§ **Task**
No pictures should appear in the copy. Reproduce exactly the lines from the one containing "Wallet Icon Vector Isolated Black Icon" through the end of the material below.

§ **Records shown**
——————————

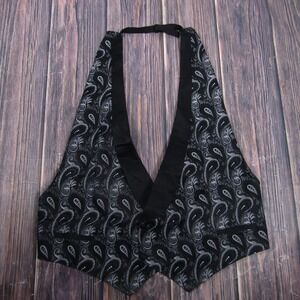 Lord West Vest Mens 2XL Black Paisley Tuxedo Waistcoat Belted Formal Wedding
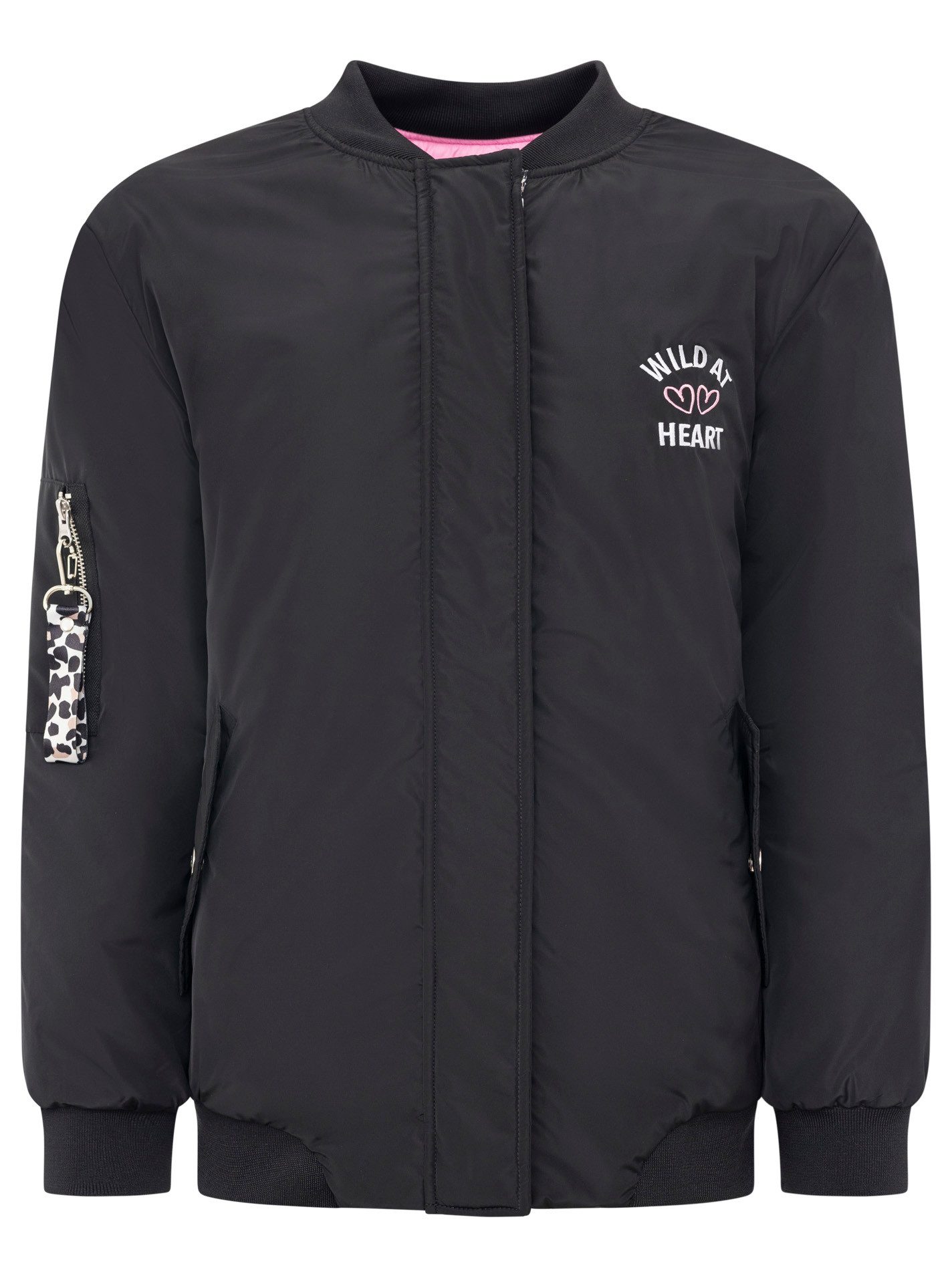 Zwillingsherz Bomberjacke "Wild Heart" Stickerei, Reißverschluss,Taschen mit Druckknöpfen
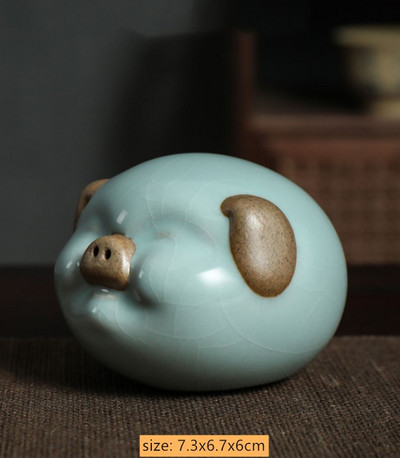 Lovely Ceramic Tea Pet Díszek Nyúltea Figura Kreatív Állatmodell Dekoráció Butik Otthoni Dekorációs Tea Kiegészítők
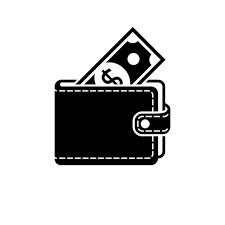 Wallet Icon Vector Isolated Black Icon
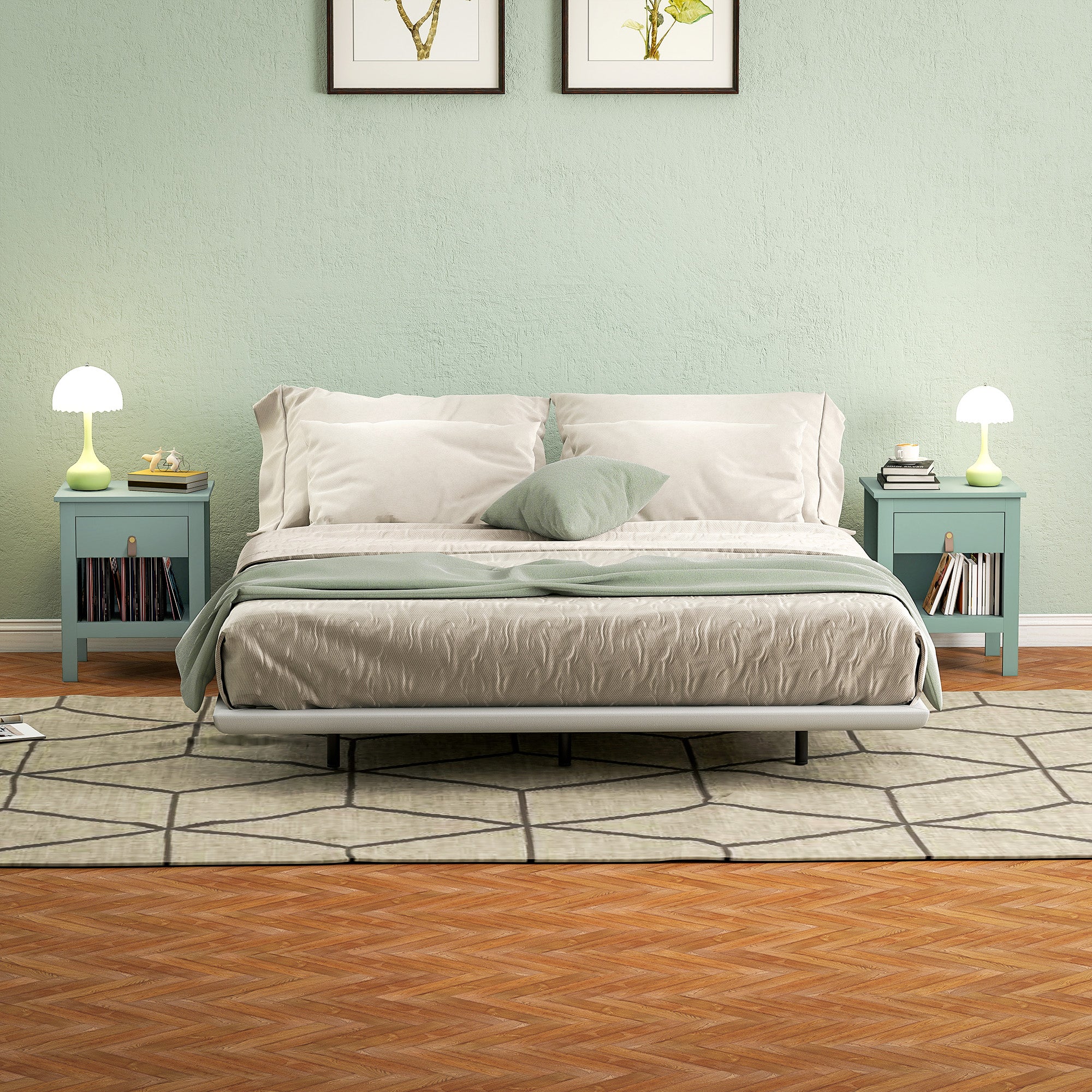 Set of 2 Bedside Tables Nightstand with Drawer and Open Compartment, Modern Style for Bedroom, Living Room, 45 x 40 x 55 cm, Green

——————————

§ **Response to the exercise**
 Wallet Icon Vector Isolated Black Icon
 Set of 2 Bedside Tables Nightstand with Drawer and Open Compartment, Modern Style for Bedroom, Living Room, 45 x 40 x 55 cm, Green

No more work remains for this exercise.